** Opening Raw data block **
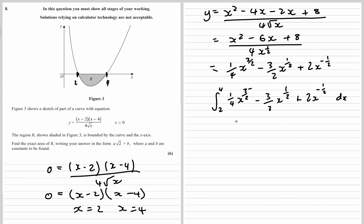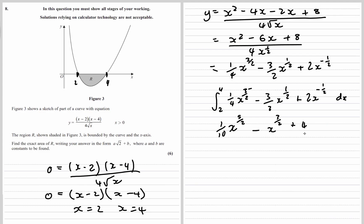Integrating, we get x to the power of 5 over 2, and then a quarter divided by 5 over 2 is the same as times 2 fifths, giving 2 twentieths or 1 tenth. Then for the next term, 2 divided by 1 half is 4, so we get 4x to the power of a half. That's evaluated between 4 and 2 — substitute in 4, substitute in 2, and take them away.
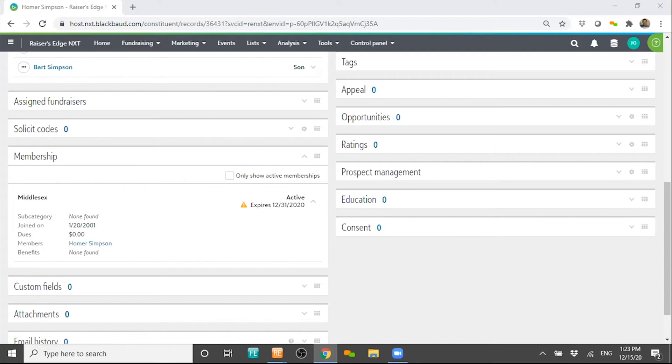If people are applying for scholarships, you'll be able to pull all the information within their record and supply it to them.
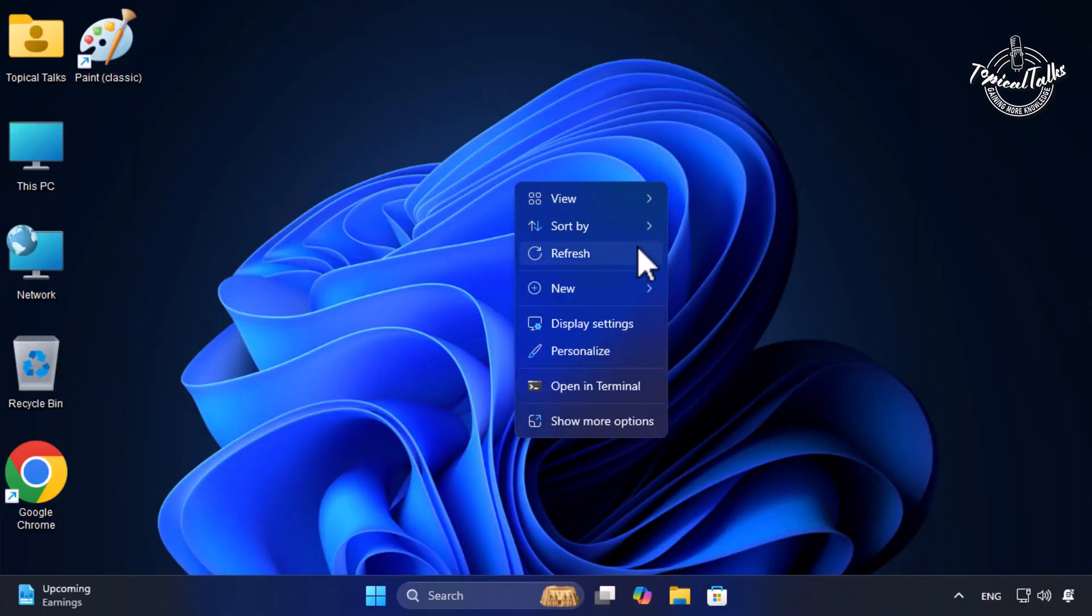And that's how you can switch back to Windows 10 refresh button in Windows 11. Thanks for watching.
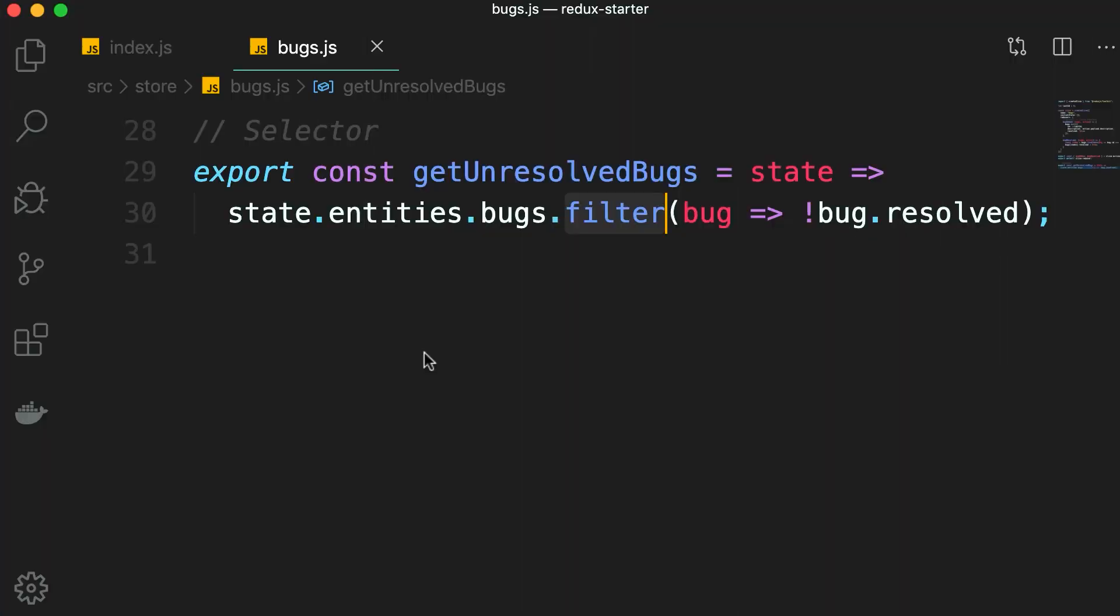So we created this selector in the last lesson. Now this selector has a tiny problem. The problem is that this filter method returns a new array every time we call this selector.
** Closing Raw data block **
* _What is being asked_: Using the listing above, copy exactly the lines from the one that contains "If people are" through its last line, both included, but not the pictures.

* _Exercise answer_:
If people are applying for scholarships, you'll be able to pull all the information within their record and supply it to them.
And that's how you can switch back to Windows 10 refresh button in Windows 11. Thanks for watching.
So we created this selector in the last lesson. Now this selector has a tiny problem. The problem is that this filter method returns a new array every time we call this selector.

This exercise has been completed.